J’ajoute que certains postes sont notoirement en sous-effectif. Dans des pays où l’état civil est défaillant, nos compatriotes voient alors leurs droits violés, et le phénomène risque de s’amplifier.
Bien sûr, il faut réformer notre réseau, mais en y appliquant la politique de simplification qui a été mise en place en France. Je pense là, en particulier, aux passeports : en France, ceux-ci vont pouvoir être renouvelés par voie électronique ; j’espère que cela sera également possible à l’étranger. Sinon, la rationalisation se traduira, pour les Français de l’étranger, par une situation kafkaïenne !
J’ai aussi quelques inquiétudes concernant les visas biométriques, qui seront mis en place l’an prochain pour les ressortissants de la Chine, de l’Inde, de la Russie et de l’Ukraine. Un délai de quarante-huit heures a été évoqué, mais comment cela sera-t-il possible si les habitants de ces pays doivent systématiquement se déplacer vers leur capitale ? L’attractivité de la France ne va-t-elle se trouver ainsi mise en cause ?
Depuis cette année, le développement international est intégré à la mission « Action extérieure de l’État ». C’est une bonne réforme, mais le périmètre de cette mission devrait inclure véritablement l’ensemble de ses aspects, ce qui permettrait de mettre totalement fin aux éventuels doublons.
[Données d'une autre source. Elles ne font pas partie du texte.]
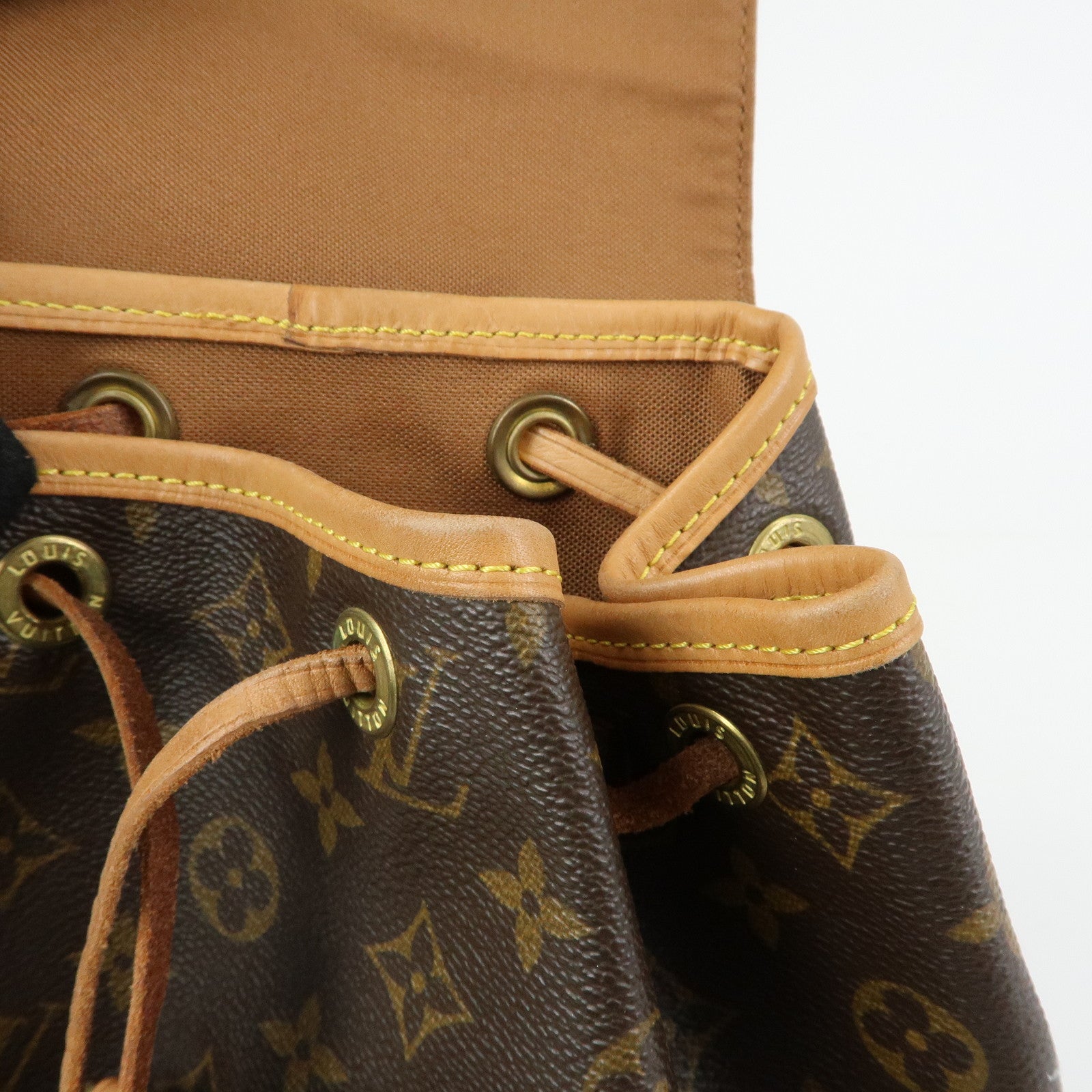Louis Vuitton Monogram Montsouris MM Backpack Rucksack Brown M51136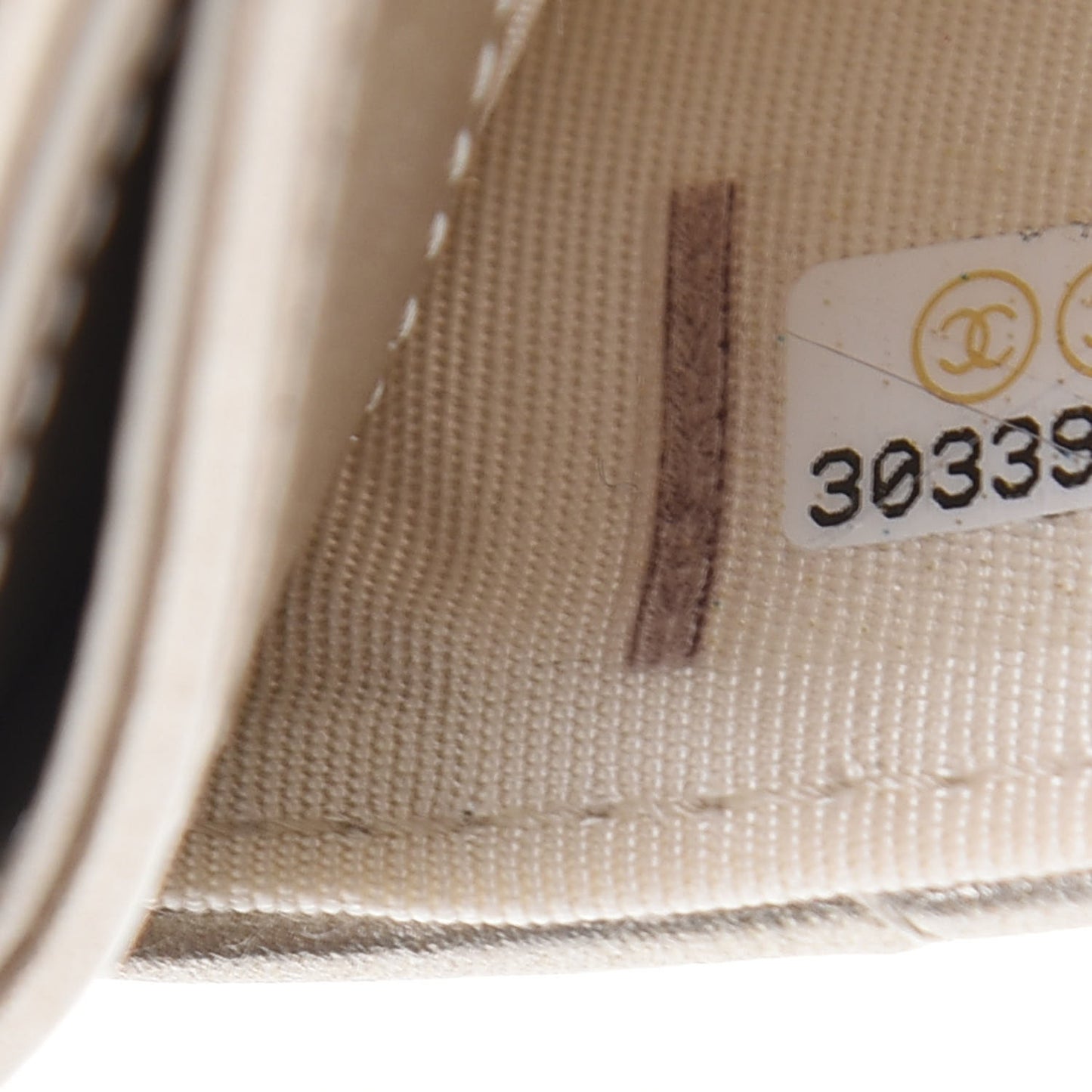 Metallic Aged Calfskin Quilted Reissue Card Holder Gold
La Cour des comptes a mis en évidence, en juin 2013, dans une note sur le budget des affaires étrangères, qu’une trop forte baisse du nombre d’emplois avait des effets négatifs, conduisant à un gonflement des frais de fonctionnement dans la mesure où le travail devant malgré tout être fait. J’ai l’impression que les conclusions de cette note n’ont pas toutes été tirées dans le budget tel qu’il nous est présenté.
Cela étant dit, monsieur le secrétaire d’État, compte tenu de nos ambitions, vous pouvez compter sur le Parlement, en particulier sur le Sénat, pour se battre à vos côtés et défendre ce budget.